* WHAT YOU ARE ASKED TO DO
Starting at the line that contains "Чкаловская (Chkalovskaya) to" and ending at the line that contains "L'oréal Paris Telescopic", the lines below are to be given again exactly, with nothing added.

---------- DATA FOR THIS TASK ----------

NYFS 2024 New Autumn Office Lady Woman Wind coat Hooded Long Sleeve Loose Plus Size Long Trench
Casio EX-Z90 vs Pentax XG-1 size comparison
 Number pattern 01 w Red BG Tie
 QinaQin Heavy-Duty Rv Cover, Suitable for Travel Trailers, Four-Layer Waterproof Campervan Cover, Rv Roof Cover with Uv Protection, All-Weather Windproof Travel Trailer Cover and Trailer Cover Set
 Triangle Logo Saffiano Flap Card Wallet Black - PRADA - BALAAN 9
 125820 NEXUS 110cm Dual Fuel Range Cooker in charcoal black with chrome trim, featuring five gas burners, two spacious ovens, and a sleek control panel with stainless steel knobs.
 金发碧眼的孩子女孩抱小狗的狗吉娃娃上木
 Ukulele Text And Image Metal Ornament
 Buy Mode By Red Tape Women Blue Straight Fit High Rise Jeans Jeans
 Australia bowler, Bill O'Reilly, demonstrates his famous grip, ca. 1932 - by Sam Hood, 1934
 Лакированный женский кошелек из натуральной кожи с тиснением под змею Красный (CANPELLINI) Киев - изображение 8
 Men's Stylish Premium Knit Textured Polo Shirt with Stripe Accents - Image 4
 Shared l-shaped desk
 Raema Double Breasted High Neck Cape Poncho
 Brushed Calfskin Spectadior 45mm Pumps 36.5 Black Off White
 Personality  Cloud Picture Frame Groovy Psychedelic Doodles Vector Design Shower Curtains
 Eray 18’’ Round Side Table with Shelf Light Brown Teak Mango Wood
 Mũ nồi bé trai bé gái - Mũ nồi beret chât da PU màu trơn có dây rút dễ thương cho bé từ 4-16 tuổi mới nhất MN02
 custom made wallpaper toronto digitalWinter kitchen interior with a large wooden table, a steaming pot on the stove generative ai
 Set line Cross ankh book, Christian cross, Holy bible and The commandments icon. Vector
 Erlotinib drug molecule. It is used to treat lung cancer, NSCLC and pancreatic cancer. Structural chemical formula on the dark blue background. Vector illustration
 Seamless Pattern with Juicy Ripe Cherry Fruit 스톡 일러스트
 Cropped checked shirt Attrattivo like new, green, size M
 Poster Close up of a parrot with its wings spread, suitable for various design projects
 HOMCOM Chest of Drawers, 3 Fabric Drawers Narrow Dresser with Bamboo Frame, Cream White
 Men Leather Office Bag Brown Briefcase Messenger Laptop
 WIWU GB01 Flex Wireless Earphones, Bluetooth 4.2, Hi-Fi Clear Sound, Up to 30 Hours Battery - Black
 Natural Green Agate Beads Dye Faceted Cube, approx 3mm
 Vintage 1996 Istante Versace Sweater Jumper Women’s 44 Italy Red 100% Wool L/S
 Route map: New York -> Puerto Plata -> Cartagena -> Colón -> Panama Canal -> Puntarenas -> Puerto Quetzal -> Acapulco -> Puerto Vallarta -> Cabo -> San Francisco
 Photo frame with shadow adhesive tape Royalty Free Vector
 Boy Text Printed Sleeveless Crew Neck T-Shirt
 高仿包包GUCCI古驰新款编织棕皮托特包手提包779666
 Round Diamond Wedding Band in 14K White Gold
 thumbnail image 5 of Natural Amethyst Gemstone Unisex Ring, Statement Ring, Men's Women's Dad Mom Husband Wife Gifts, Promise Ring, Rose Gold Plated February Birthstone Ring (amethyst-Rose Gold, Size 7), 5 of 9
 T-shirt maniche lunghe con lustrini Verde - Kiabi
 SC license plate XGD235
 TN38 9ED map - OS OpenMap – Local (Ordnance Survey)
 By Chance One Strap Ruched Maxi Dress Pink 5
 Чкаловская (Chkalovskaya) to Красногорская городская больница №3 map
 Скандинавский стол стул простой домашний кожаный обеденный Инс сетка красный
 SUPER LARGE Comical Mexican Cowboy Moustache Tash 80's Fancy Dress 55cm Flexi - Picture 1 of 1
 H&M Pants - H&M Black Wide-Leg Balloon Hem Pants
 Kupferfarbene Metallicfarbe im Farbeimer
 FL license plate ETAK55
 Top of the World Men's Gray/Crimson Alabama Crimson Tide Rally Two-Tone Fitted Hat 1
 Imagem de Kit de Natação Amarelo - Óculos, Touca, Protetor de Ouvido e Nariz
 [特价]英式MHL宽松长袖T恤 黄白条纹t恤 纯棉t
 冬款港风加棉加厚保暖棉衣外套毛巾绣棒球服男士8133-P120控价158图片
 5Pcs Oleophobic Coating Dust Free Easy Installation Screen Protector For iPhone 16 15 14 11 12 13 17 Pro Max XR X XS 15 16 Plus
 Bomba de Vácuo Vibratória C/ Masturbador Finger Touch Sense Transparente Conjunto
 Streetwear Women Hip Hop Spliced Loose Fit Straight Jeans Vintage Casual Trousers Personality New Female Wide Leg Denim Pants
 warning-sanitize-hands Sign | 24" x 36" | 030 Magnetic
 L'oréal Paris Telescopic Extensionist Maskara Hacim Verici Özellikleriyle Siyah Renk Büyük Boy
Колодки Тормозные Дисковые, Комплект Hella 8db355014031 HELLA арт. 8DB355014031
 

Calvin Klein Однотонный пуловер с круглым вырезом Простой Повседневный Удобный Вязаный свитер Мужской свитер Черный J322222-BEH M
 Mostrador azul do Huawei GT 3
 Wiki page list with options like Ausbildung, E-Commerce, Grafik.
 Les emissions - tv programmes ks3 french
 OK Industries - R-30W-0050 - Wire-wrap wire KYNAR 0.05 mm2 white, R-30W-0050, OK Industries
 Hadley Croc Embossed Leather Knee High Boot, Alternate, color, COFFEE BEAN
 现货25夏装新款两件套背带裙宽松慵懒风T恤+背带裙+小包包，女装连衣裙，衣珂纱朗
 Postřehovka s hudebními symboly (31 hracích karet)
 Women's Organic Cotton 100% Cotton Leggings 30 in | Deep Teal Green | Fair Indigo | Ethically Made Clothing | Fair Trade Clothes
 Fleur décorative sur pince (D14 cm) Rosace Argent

----------

* ANSWER TO THE PROBLEM
 Чкаловская (Chkalovskaya) to Красногорская городская больница №3 map
 Скандинавский стол стул простой домашний кожаный обеденный Инс сетка красный
 SUPER LARGE Comical Mexican Cowboy Moustache Tash 80's Fancy Dress 55cm Flexi - Picture 1 of 1
 H&M Pants - H&M Black Wide-Leg Balloon Hem Pants
 Kupferfarbene Metallicfarbe im Farbeimer
 FL license plate ETAK55
 Top of the World Men's Gray/Crimson Alabama Crimson Tide Rally Two-Tone Fitted Hat 1
 Imagem de Kit de Natação Amarelo - Óculos, Touca, Protetor de Ouvido e Nariz
 [特价]英式MHL宽松长袖T恤 黄白条纹t恤 纯棉t
 冬款港风加棉加厚保暖棉衣外套毛巾绣棒球服男士8133-P120控价158图片
 5Pcs Oleophobic Coating Dust Free Easy Installation Screen Protector For iPhone 16 15 14 11 12 13 17 Pro Max XR X XS 15 16 Plus
 Bomba de Vácuo Vibratória C/ Masturbador Finger Touch Sense Transparente Conjunto
 Streetwear Women Hip Hop Spliced Loose Fit Straight Jeans Vintage Casual Trousers Personality New Female Wide Leg Denim Pants
 warning-sanitize-hands Sign | 24" x 36" | 030 Magnetic
 L'oréal Paris Telescopic Extensionist Maskara Hacim Verici Özellikleriyle Siyah Renk Büyük Boy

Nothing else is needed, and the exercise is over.